Christopher E. Mason
Dr. Christopher E. Mason is a geneticist and computational biologist who has been a Principal Investigator and Co-investigator of many NASA missions and projects. He is a Professor at Weill Cornell Medicine, with affiliate appointments at the Meyer Cancer Center, Memorial Sloan Kettering Cancer Center, the Information Society Project (ISP) at Yale Law School, and the Consortium for Space Genetics at Harvard Medical School. He is the author of “The Next 500 Years: Engineering Life to Reach New Worlds” (2021).
In the book he argues that humanity will remake itself with synthetic biology and genetic engineering, and ascend to the stars to “engineer at a genetic, cellular, planetary, and interstellar scale” and eventually “reengineer the universe itself” to ensure that life continues to thrive indefinitely. He says that this is our “duty to the universe and to life itself.”
Stellar Magnet
Stellar Magnet's self-guided and experiential research over the last six years has centered on cryptoeconomic network design related to large-scale cooperation networks. In this time, she has creatively contributed insights related to governance, mechanism design, and community tooling to over seven different Decentralized Autonomous Organizations (DAOs) or open-source projects. She holds a Bachelor’s of Science in Mechanical Engineering from UC Berkeley (2008) and an Astronautical Engineering Certificate from UCLA Extension (2016).

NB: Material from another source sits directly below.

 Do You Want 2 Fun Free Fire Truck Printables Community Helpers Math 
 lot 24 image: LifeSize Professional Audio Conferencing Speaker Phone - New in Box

She’ll give a talk on “Creating a United Confederation of Cosmists: Igniting a Bottom-Up, Interstellar Network Ecology.”
Todd A. Drashner
Todd A. Drashner was born and raised in the semi-wilds of Alaska. He first got into science fiction at age 9 when he picked up a copy of Clarke’s “Childhood's End” in a bored moment. He has been hooked on science fiction, spaceflight, and futurism ever since. He generally prefers ‘hard’ science fiction that is still not afraid to think big.
Todd went to college at the University of Arizona, Tucson intending to become an engineer and discovered that higher mathematics just doesn’t compute for him. Instead he switched to English and graduated in 1993, but has always remained an avid science and science fiction fan. He encountered Drexler's “Engines of Creation” in college along with trans and post-humanism and Vinge’s Singularity concept.
Todd joined the Orion’s Arm Universe Project in 2001 and has been an active contributor ever since. He is currently a member of the Managing Board (Treasurer) and also acts as an Administrator/Moderator for both the Orion’s Arm online forum and the Orion’s Arm Discord server.
Trond Nilsen
Trond Nilsen is a researcher, software engineer, and technologist who works at the intersection of health, well-being, games, and education. Hailing from Christchurch, New Zealand, he began his career in web technologies in 2000 before transitioning to work with XR at the HITLab NZ in 2003. In 2008, he relocated to Seattle to begin a PhD at the University of Washington where he completed research combining techniques from artificial intelligence, 3D visualization, and medical ontology to augment human anatomy education. He has been participating in the Orion’s Arm Universe Project since 2001. Currently, he is teaching Virtual and Augmented Reality at the University of Washington and working on several startups.